A menu typically consists of considerably more courses than you would get at a traditional restaurant, not necessarily sticking to a theme or type of cuisine. There should be slow cooked meats, fresh seafood and at least 3 things you’ve never tried before. The menu itself should take you on a culinary journey through old favourites and new experiences and ideally leave you stuffed and contented.

The number of diners at these events tends to be small but not in an exclusive way, reservations are open to everyone and its a first come first served method of obtaining a booking. I’ve never liked the term “exclusive” when applied to food, the idea of an exclusive restaurant has always seemed sort of wrong. Food should be inclusive, it should bring people together and the skill level of the chef shouldn’t shouldn’t mean he is cut off from the public and made to cook like some trophy chef in a gilded cage. No one is saying that these chefs should ply their trade for a handful of beans and a slap on the back. They are entitled to make the best living the possibly can from their profession but for all their elitism, exclusivity and status very few fine dining restaurants actually make money. The money, if there is money to be made, comes from media tie-ins and this is where the PR types get their hooks into chefs. If the relationship was limited to a sort of business manager role then fine, no one wants to see these people end up in an old chefs home, or drifting down the culinary chain like a footballer working his way from the Premiership to the non leagues.

The problem arises when advice becomes instruction and that instruction moves from the PR companies area of expertise (if there is such a thing) to the chefs areas of expertise. When your PR guy tells you that you should really be using more goji berries and this years must have melon is cantaloupe it’s time to toss the i-Phone in the fryer and get back to cooking.

The irony of the whole scenario is that at a time when the food business is so dominated by marketing and PR firms, where chefs are touted around like reality TV rejects and where profile is more far important than professional ability so many high end restaurants are going to the wall. There used to be a formula that the right cost for a plate of food was 4 times the cost of the ingredients, that was to cover overheads, salary and leave the owner with some profit. That formula didn’t allow for, interior designers, feng shui experts, publicists, PR gurus, marketing teams and fucking ice sculptors or any other of the immensely annoying things that get in the way of me enjoying a great meal prepared by a great chef.

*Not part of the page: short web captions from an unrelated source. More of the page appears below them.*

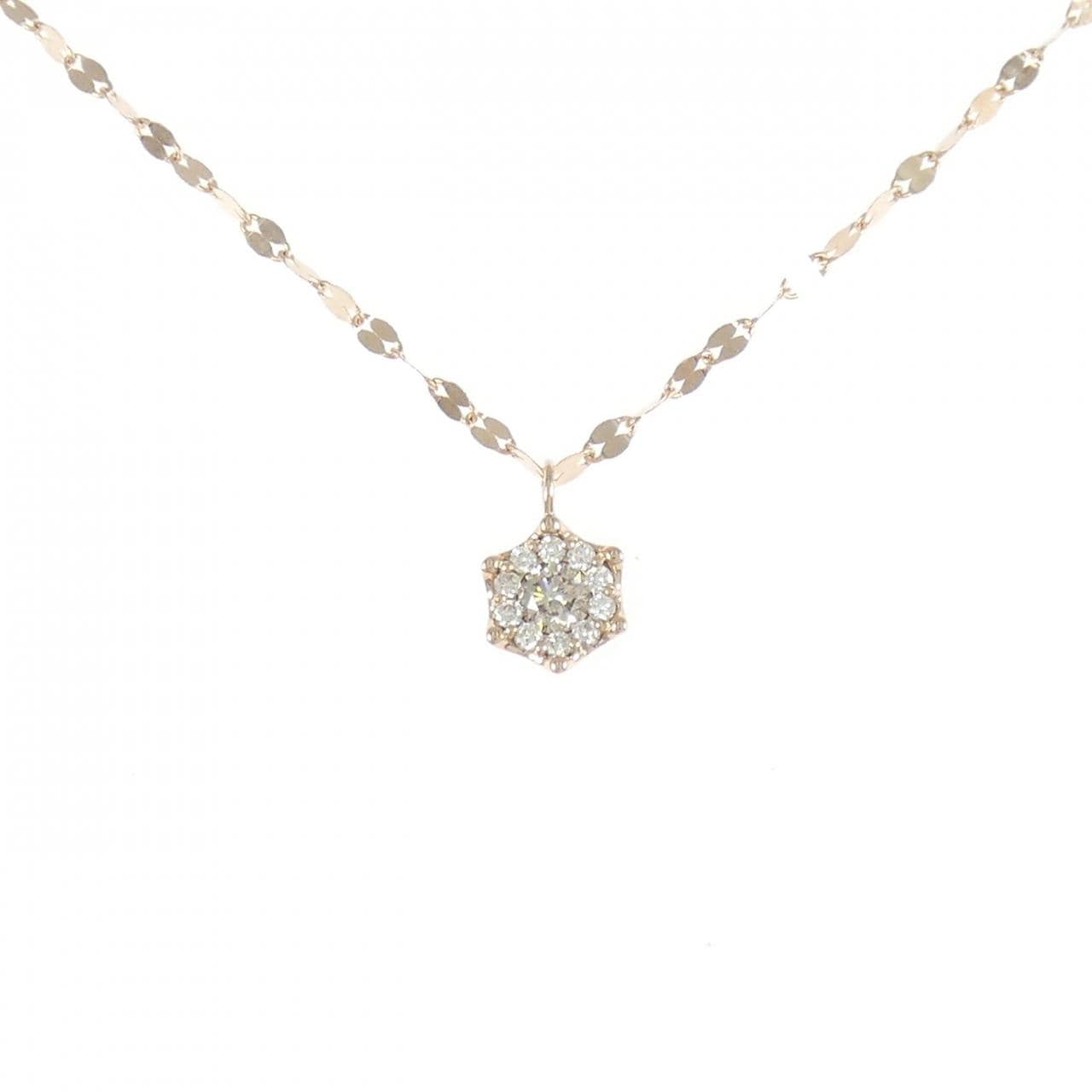 K18PG ダイヤモンド ネックレス 0.31CT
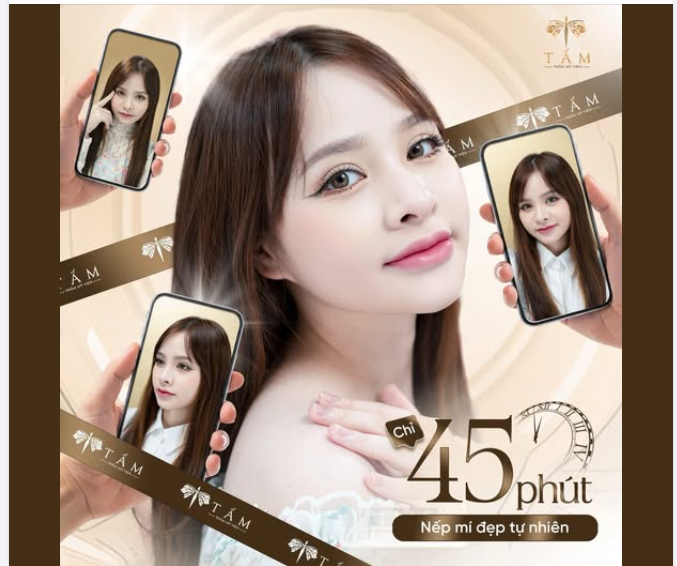 Chỉ 45 phút – Sở hữu nếp mí đẹp tự nhiên, hài hòa với gương mặt.  Inbox để được tư vấn ngay!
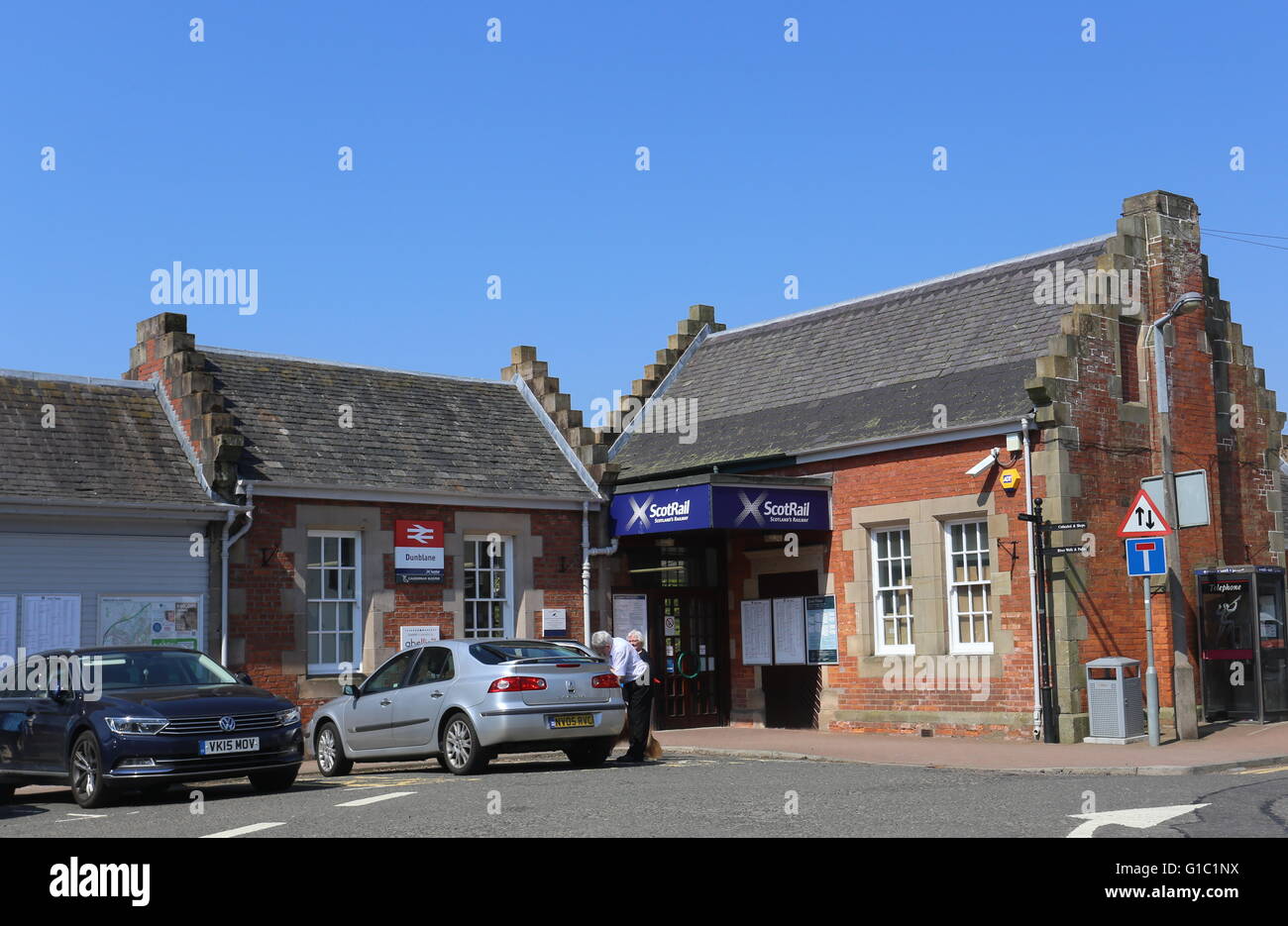 Exterior Dunblane Railway Station Scotland May 2016 Stock Photo Alamy
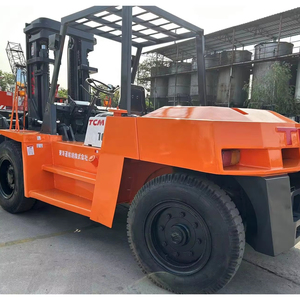 Second Hand Vigoshop TCM FD100 Diesel Forklift High Performance 1000mm Load Capacity Three Stage Mast 1220mm Fork Length for - Product Image 1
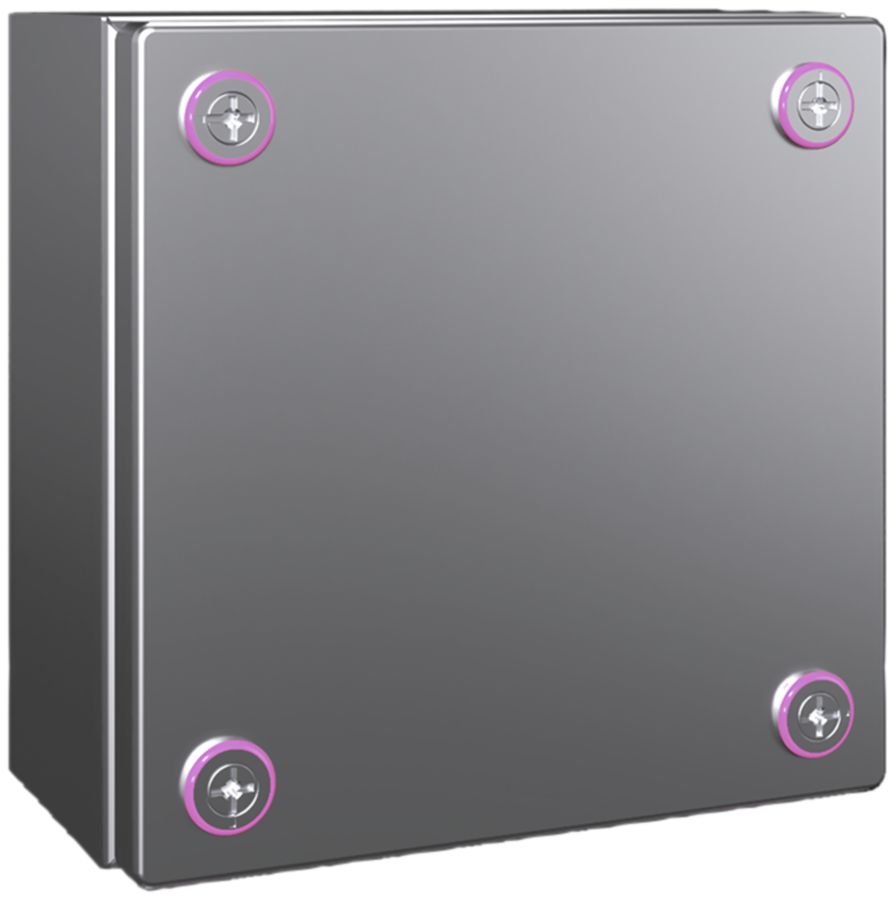 Petit boîtier Rittal KX Jonction, IP66, 200×200×120mm, acier fin V2A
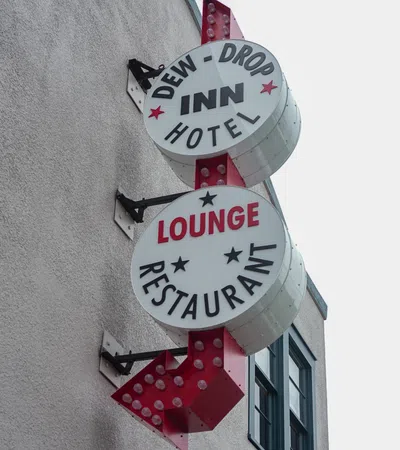 a sign on a building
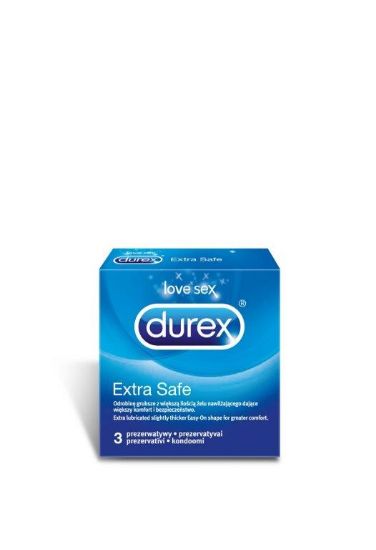 Picture of DUREX prezervatīvi Extra Safe N3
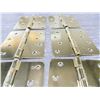 Image 1 : 4" 1/4 RD BUTT HINGES, BRASS , 2 SETS
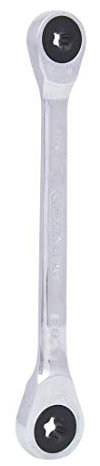 KS Tools 503.4351 GEARplus TX-E-Doppel-Ratschenringschlüssel,E6xE8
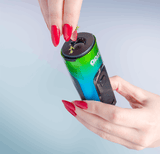 Person filling up Rainbow Verge cannabis vape
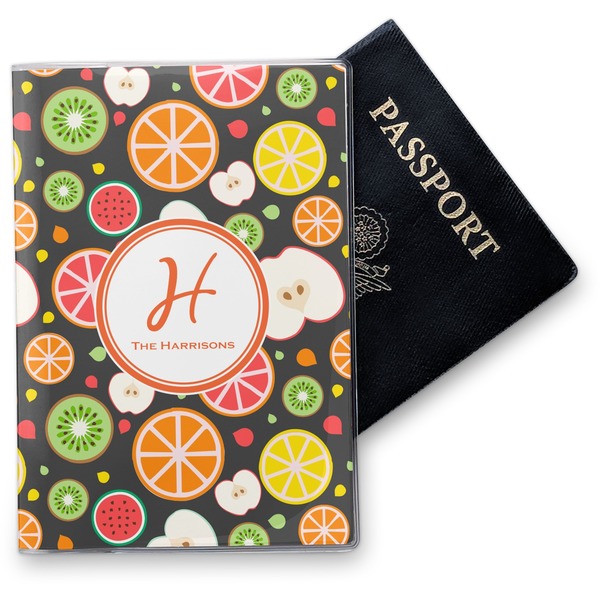 Custom Apples & Oranges Vinyl Passport Holder (Personalized)
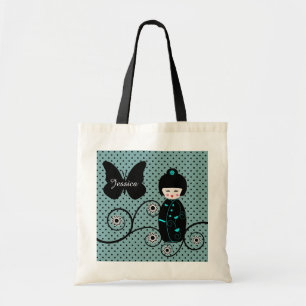 Bolsa Tote Bolinhas de Doll Japonês Personalizada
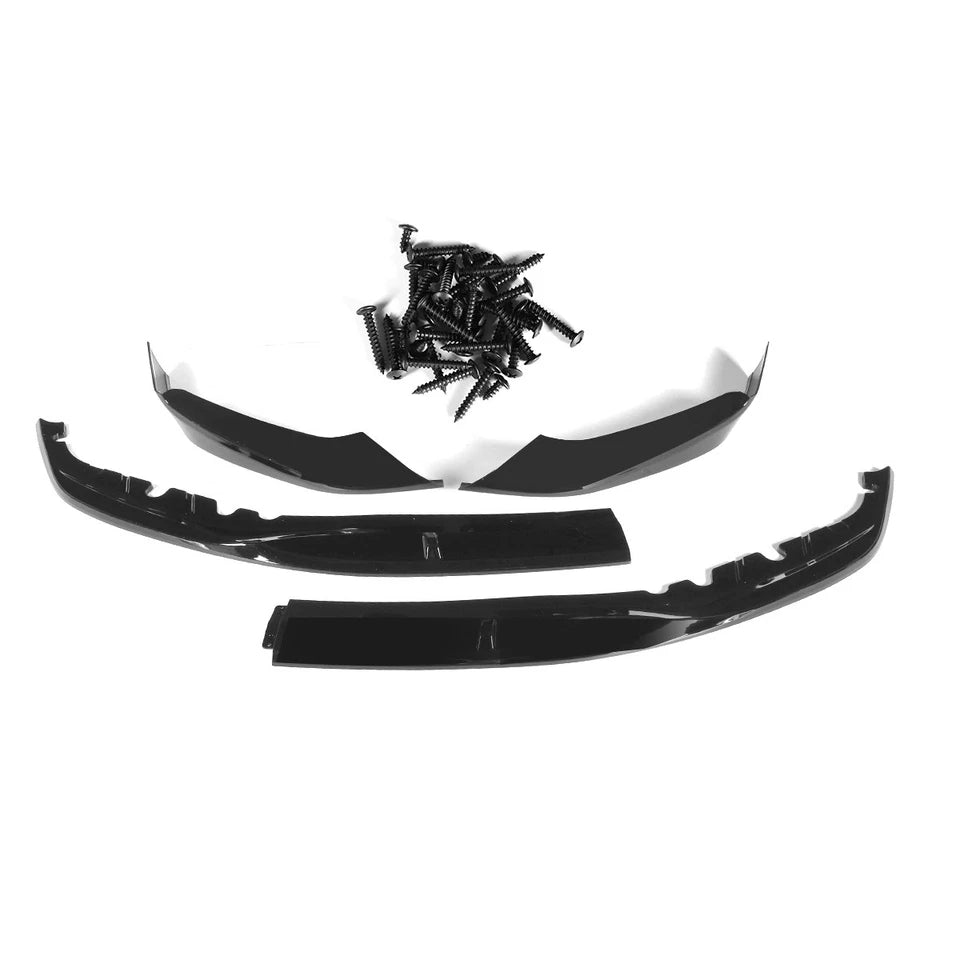 BMW G30/G31 M Sport Front Bumper Lip  Gloss Black  2017–2020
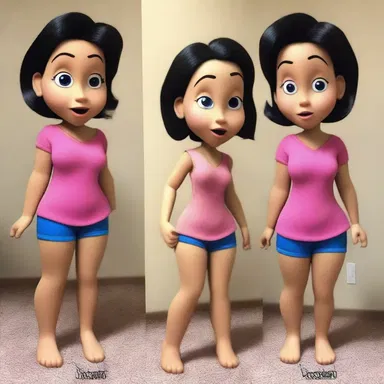 Her imitative behavior is so convincing that she can perfectly mimic the voices of cartoon characters.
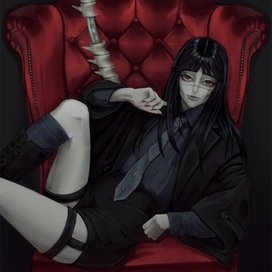 Фанарт Йор по манге «человек-бензопила»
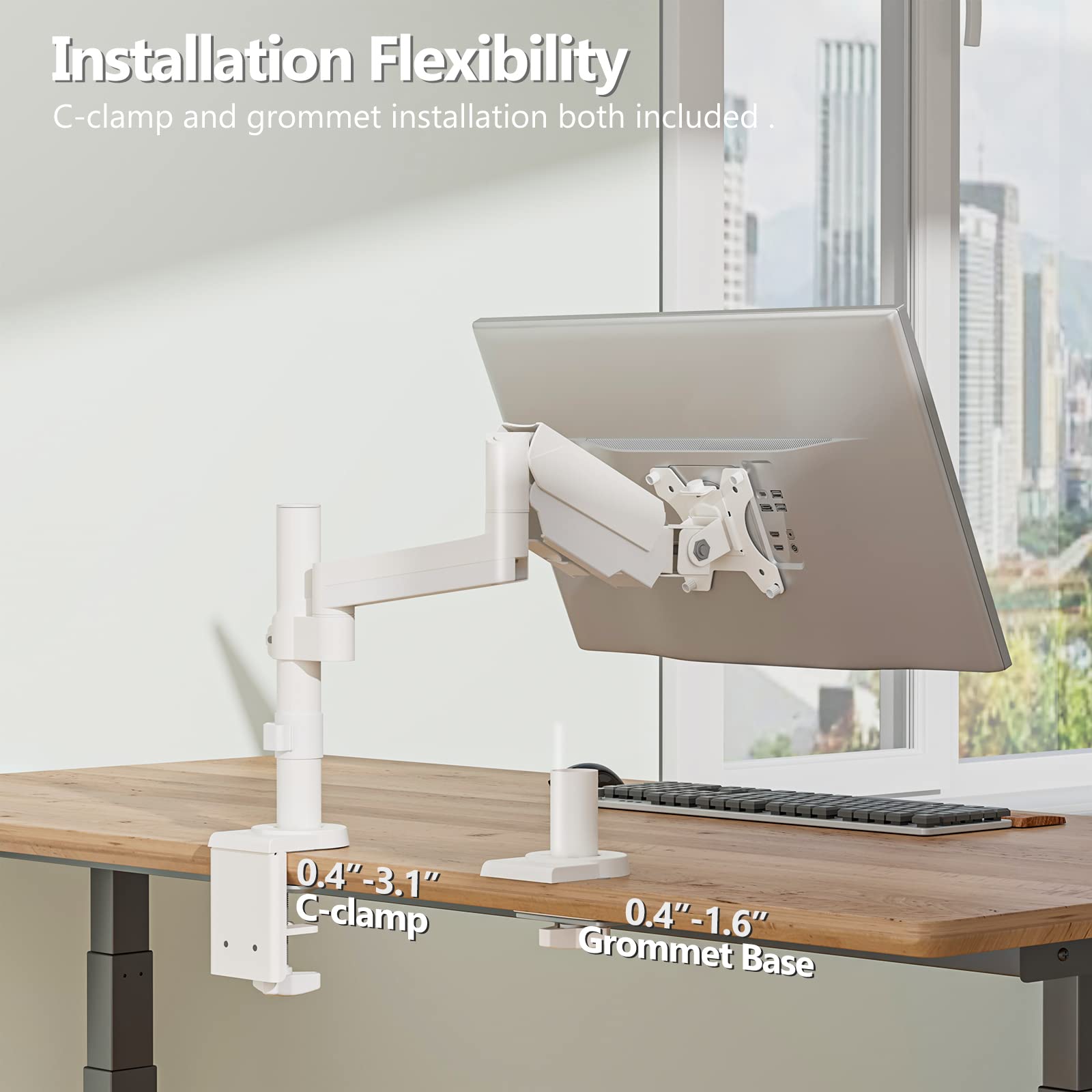 Foto 6 pulgar | Brazo de Resorte de Gas Ajustable Wali para Soporte de Monitor de 32 Pulgadas - Venta Internacional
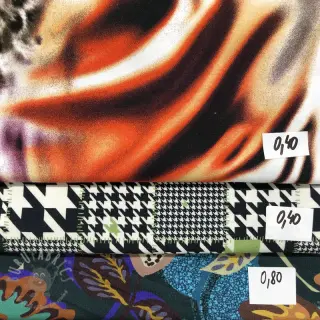Stoffenpakket tricot digitale print 835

I have great hopes that this new trend towards bo-ho food, that it will bring excellent food to a more accessible place. That it will stay true to show casing the quality of the ingredients and the skill of the chef with none of the trappings that food of this quality tends to come with. However all of this hope, all of this rejuvenated spirit, all of this confidence that we are not doomed to a culinary existence dictated to us by faceless, nameless marketing suits took a massive blow when I turned on the TV one day to find Jim Haynes flogging crappy mints while a bunch of theatre school drop outs cavorted round his Paris home trying to look like Bohemian dinner party guests. The ad it seemed was supposed to paint a picture of these wonderfully unique and free spirited individuals enjoying the sophisticated taste of a thin chocolate mint after what we can only presume was an incredible gastronomic experience. It came off more like a bunch of mentally mal-adjusted street performers terrorising an old age pensioner in his home while eating all his chocolates. A sort of Clock Work Orange meets Last of The Summer Wine but with more confectionery.

I am not a food critic, I don’t believe food should be criticised. Food is like money, it is by itself neither inherently good or evil. Its what people do with it that determines if its good or bad. A piece of steak is a piece of steak, a bad chef can ruin it and make it leathery and drier than a camels arsehole in July, a good chef can make it into a wonderfully succulent, meaty delight. If left to concentrate more on cooking many more chefs could ensure their diners could leave their restaurants happy and hoping to return again soon.